-- The input follows --

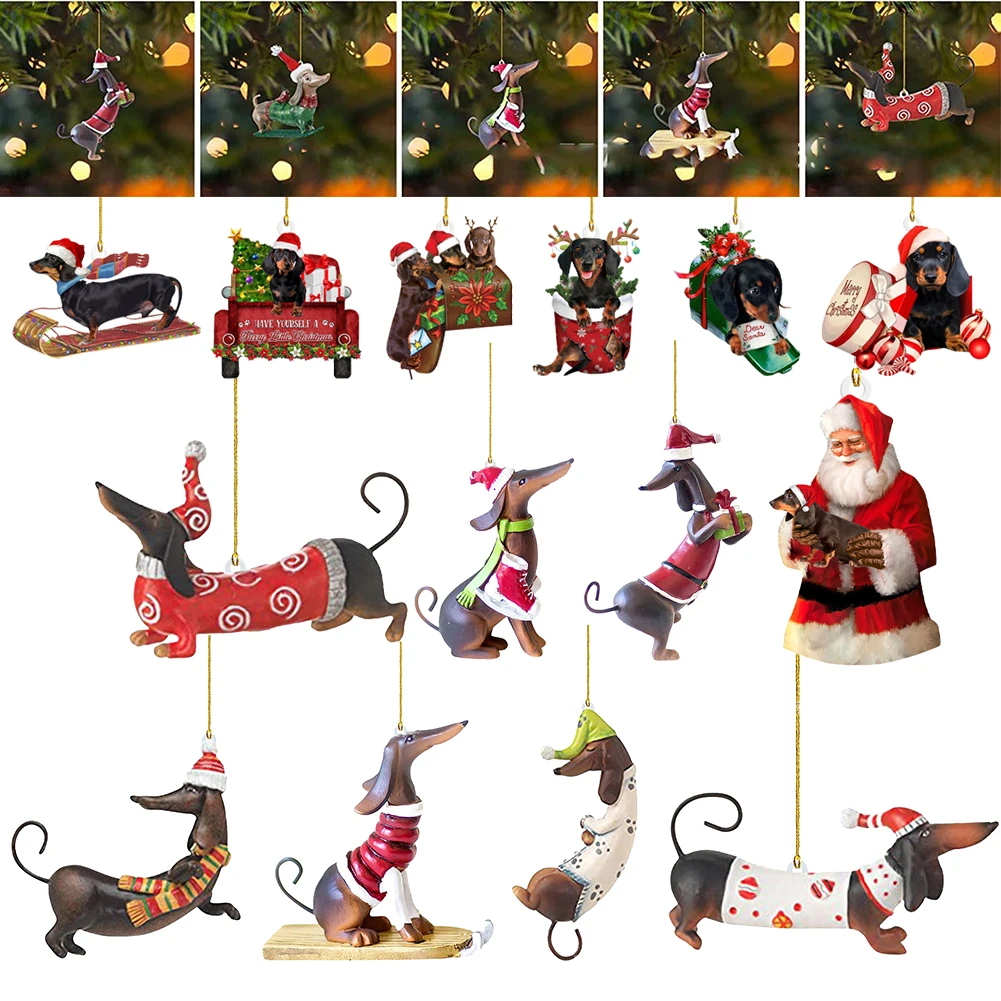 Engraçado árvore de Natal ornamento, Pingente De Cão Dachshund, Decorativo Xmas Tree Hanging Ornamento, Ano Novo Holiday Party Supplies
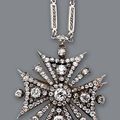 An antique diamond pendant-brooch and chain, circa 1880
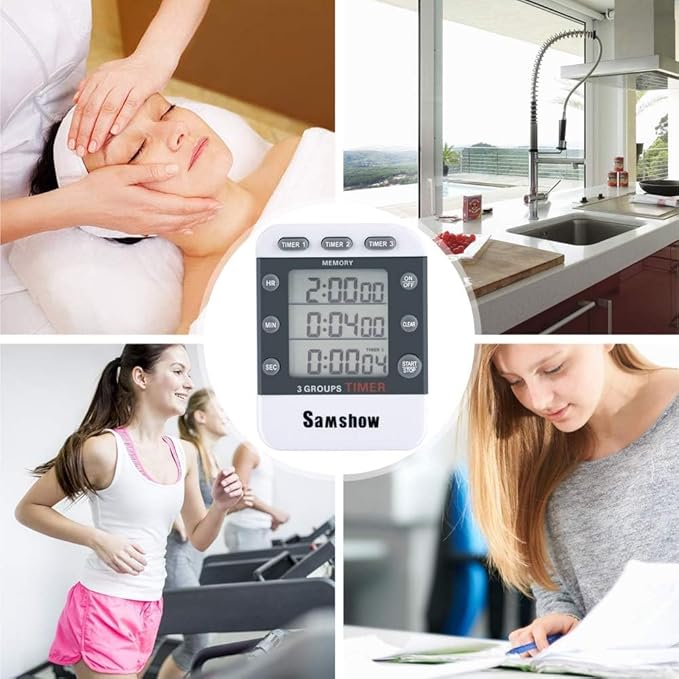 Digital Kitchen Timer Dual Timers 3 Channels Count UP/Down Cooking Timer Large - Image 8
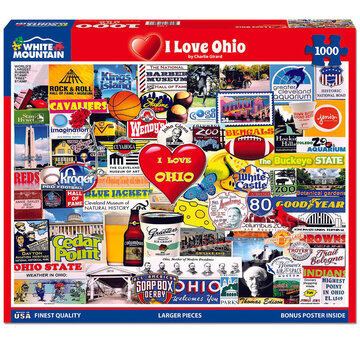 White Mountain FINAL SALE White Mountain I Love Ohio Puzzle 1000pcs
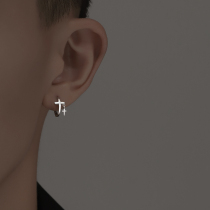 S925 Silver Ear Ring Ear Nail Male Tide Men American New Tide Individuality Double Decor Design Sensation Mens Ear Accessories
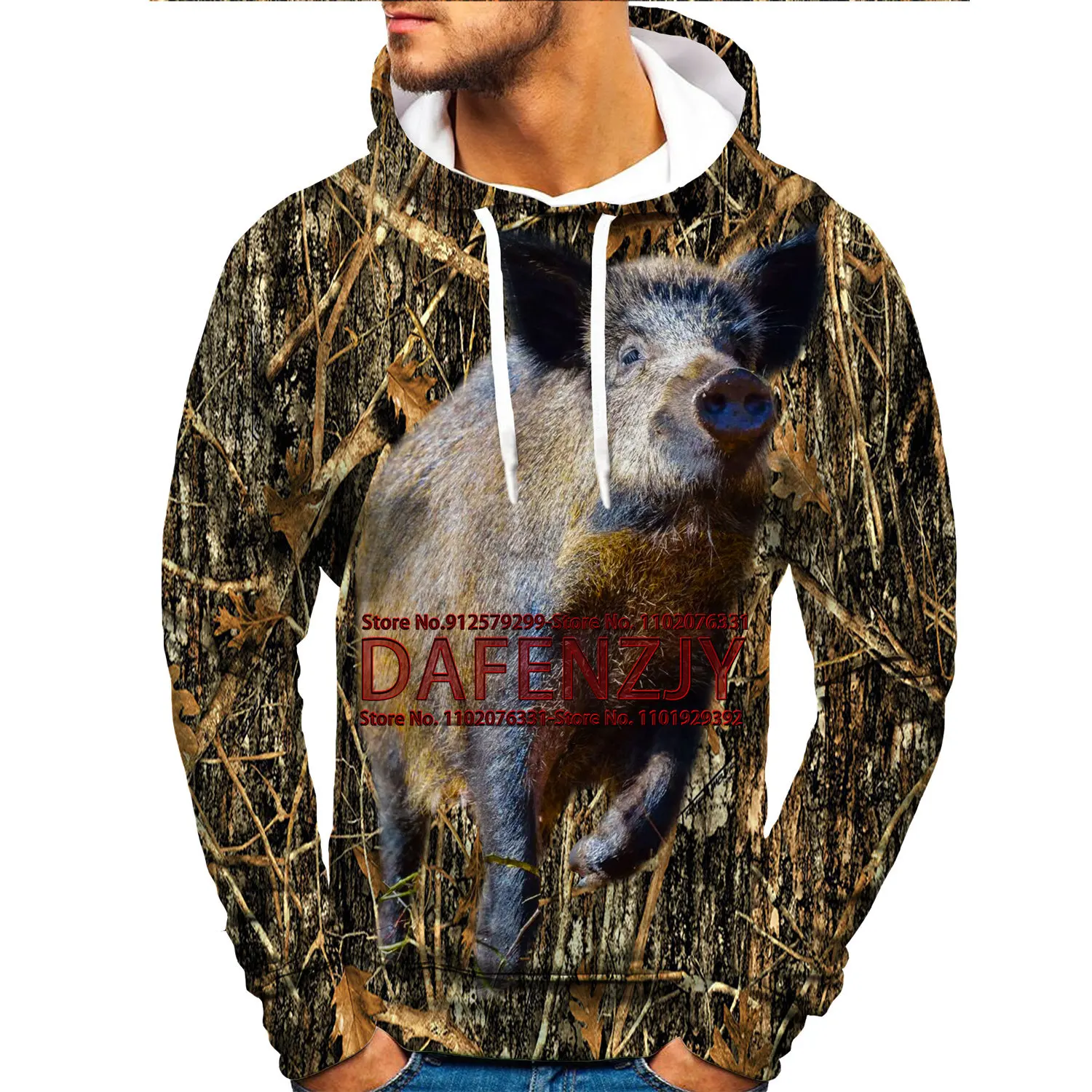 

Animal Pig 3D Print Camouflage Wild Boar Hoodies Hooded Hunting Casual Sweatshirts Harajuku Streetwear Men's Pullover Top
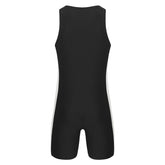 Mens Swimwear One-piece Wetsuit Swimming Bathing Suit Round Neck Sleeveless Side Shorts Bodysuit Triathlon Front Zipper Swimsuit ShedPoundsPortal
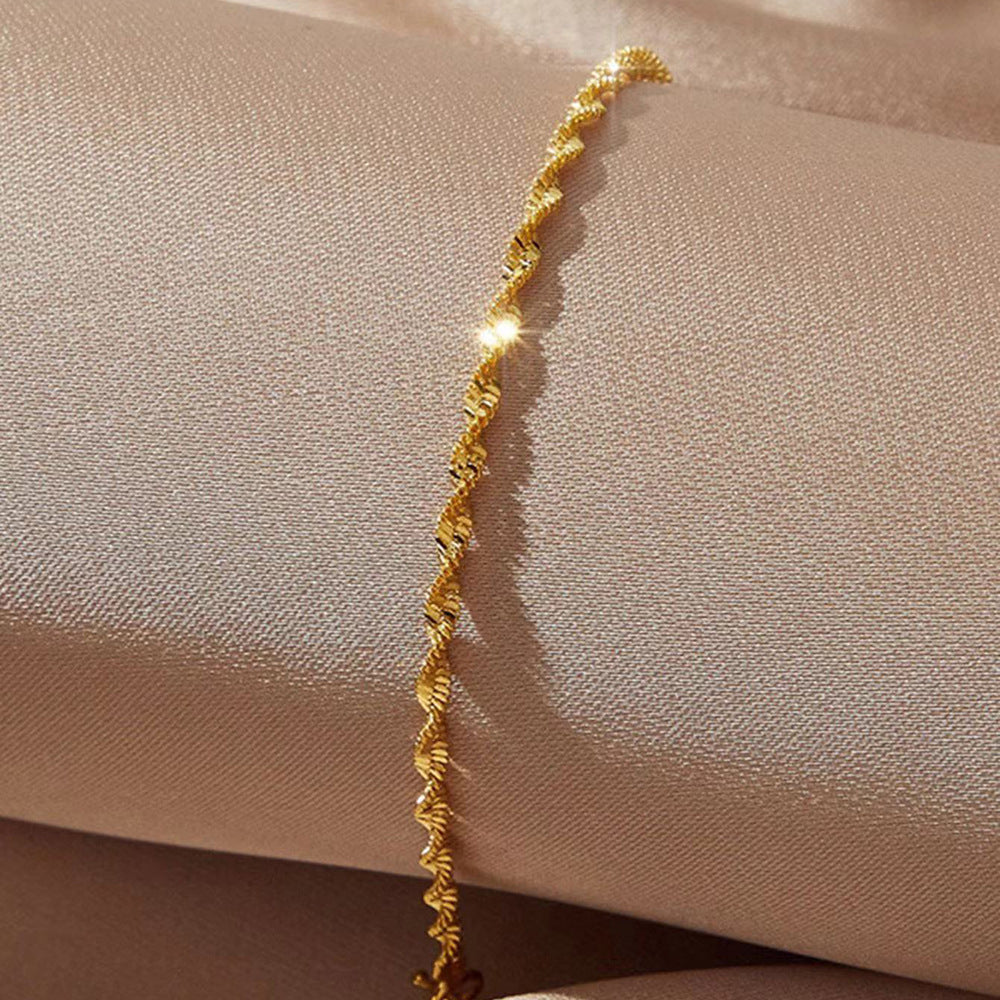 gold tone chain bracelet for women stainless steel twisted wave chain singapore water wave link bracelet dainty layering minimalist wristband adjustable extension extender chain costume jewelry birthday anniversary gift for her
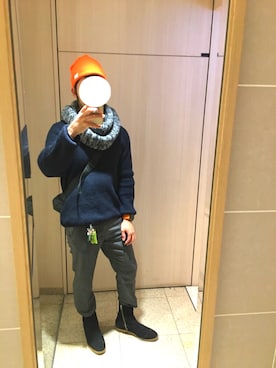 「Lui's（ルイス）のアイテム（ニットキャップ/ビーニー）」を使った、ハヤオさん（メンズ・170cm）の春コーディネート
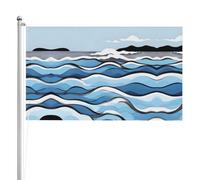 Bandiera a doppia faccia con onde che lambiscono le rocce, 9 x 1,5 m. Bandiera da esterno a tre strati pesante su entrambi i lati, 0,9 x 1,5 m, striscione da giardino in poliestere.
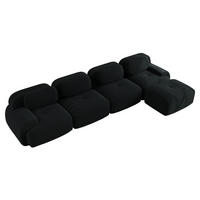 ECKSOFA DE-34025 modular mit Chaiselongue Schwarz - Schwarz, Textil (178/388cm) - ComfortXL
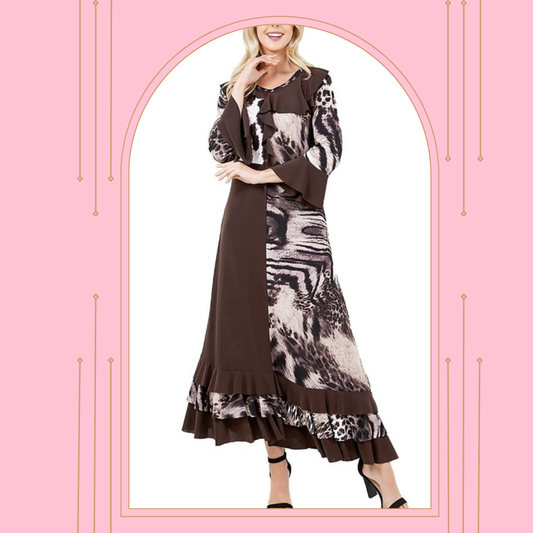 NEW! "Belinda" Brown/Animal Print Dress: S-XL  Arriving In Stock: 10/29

-- The input concluded --

**Task instructions**: Starting at the line containing "White Mountain FINAL" and finishing at the line containing "Animal Pig 3D", return those lines exactly as they appear above, without the pictures.

**Solution to the problem**:
 White Mountain FINAL SALE White Mountain I Love Ohio Puzzle 1000pcs
 S925 Silver Ear Ring Ear Nail Male Tide Men American New Tide Individuality Double Decor Design Sensation Mens Ear Accessories

Animal Pig 3D Print Camouflage Wild Boar Hoodies Hooded Hunting Casual Sweatshirts Harajuku Streetwear Men's Pullover Top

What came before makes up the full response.